Brenda Borgh

Personal information
- Full name: Brenda Grace Borgh
- National team: United States
- Born: October 27, 1960 (age 65) Lower Merion Township, Pennsylvania
- Height: 5 ft 9 in (1.75 m)
- Weight: 139 lb (63 kg)

Sport
- Sport: Swimming
- Strokes: Freestyle
- Club: Suburban Swim Club
- College team: University of Florida Auburn University
- Coach: Frank Keefe

= Brenda Borgh =

American swimmer (born 1960)

Brenda Grace Borgh (born October 27, 1960), later known by her married name Brenda Bartlett, is an American former competition swimmer. Borgh represented the United States at the age of 15 at the 1976 Summer Olympics in Montreal, Quebec, and made the finals but did not medal.

In her High School years, Borgh swam for Philadelphia' Suburban Swim Club coached by ASCA Hall of Fame Coach Frank Keefe.

Borgh initially attended and swam for the University of Florida, where she made All-American. In a Dual Meet with Texas in January, 1979, she helped lead Florida to victory with a first-place 1:51.90 in the 200 freestyle and a second place 4:53.00 in the 500 freestyle. On March 15, 1979, she helped lead Florida to a first-place finish in the AIAW National Championships, where she placed 6th in the 500 freestyle with a 4:52.50, and was later named an AIAW All-American that summer. However, she would transfer and graduate from Auburn University. At Auburn, she completed a degree in Public Relations and Journalism. She was a Southeastern Conference Freestyle Champion during her college years and was an NCAA finalist for three consecutive years while swimming for Auburn. In 1979, she was the national runner-up in the 500-yard freestyle.

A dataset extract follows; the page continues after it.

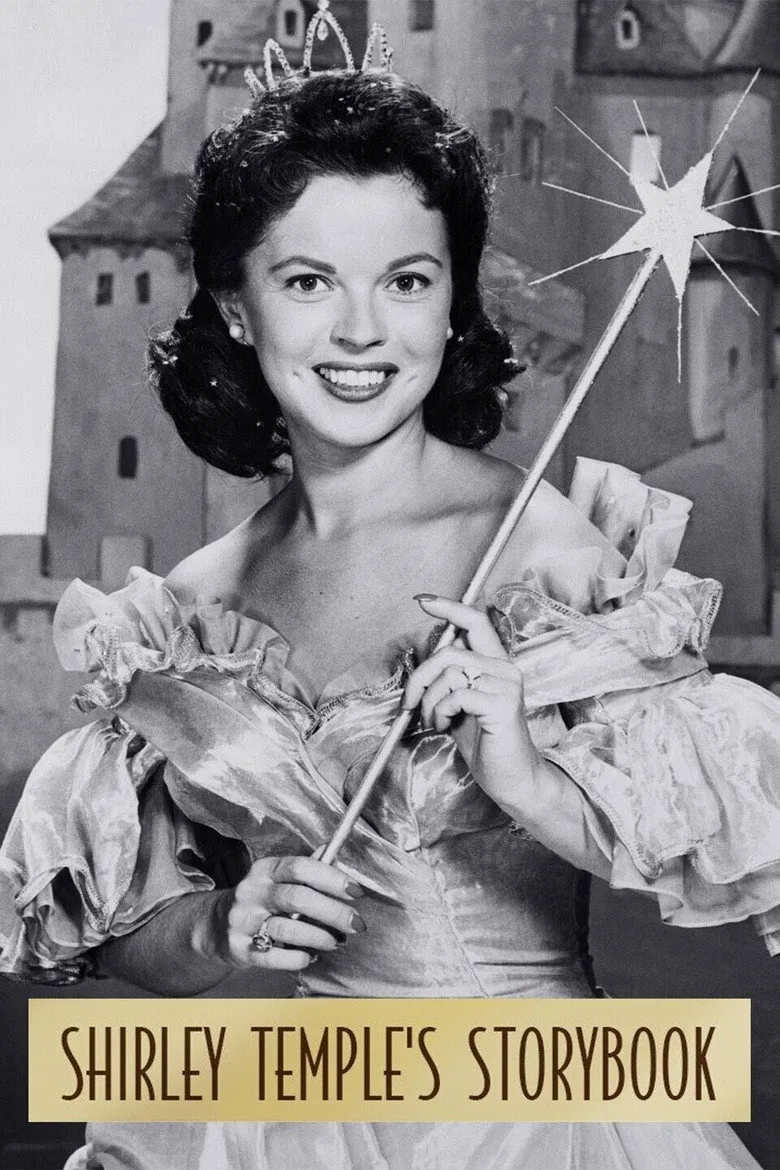 Shirley Temple's Storybook posteri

== 1976 Montreal Summer Olympics ==
Borgh competed in the finals of the women's 400-meter freestyle in the 1976 Montreal Olympics, and finished sixth. Her sixth place time of 4:17.43 in the finals placed her slightly under three seconds behind the Canadian Bronze medalist Shannon Smith. In an interview later, Brenda recounted training around six hours a day in preparation for the Olympics, three hours in the morning and three after classes. A slightly sub-par performance, as her finals time was not significantly faster than her qualifying time, some mention of a pulled muscle, and the later admission by gold medalist East German Petra Thurmer and her coach that the women's team had been given performance-enhancing drugs may have led to a finish closer to medal contention for Borgh if these events had not occurred. In a highly competitive year, both the gold medalist Thurmer, and the American silver medalist Shirley Babashoff finished in World Record time in Brenda's 400-meter event which further added to the challenges faced by Borgh. Thurmer led the event from the start by around a half a second, and never relinquished the lead.

== Life after swimming ==
In 1984, she worked for a period in sports broadcasting, though it did not become a long-term career. She also worked as an advertising executive that year. After meeting during a collegiate swim meet, Brenda married David Bartlett around May, 1986 who had been a swimmer and Psychology major for UCLA and managed the Alpha Romeo professional cycling team at the time. She began her studies at the University of Delaware around 1986.

Pursuing studies at the University of Delaware, Brenda earned a master's degree in therapy and took a position in cardiac rehabilitation in Berwyn, Pennsylvania. She assisted coaching the swim team at University of Delaware during her studies. Under her married name Brenda Bartlett, she remained in athletics, and competed in triathlons throughout the 1980s. At 23 on September 2, 1984, she was the first person out of the 1.5 km open water swim in the Wyoming Valley Back Triathlon, covering .8 mile in 17:06, and placing 11th among women finishers. She finished the water portion of the race first in three successive years. At 25, in July, 1986, Brenda finished nineteenth overall in Philadelphia's Liberty-to-Liberty Triathlon from New York to Philadelphia, winning the women's division.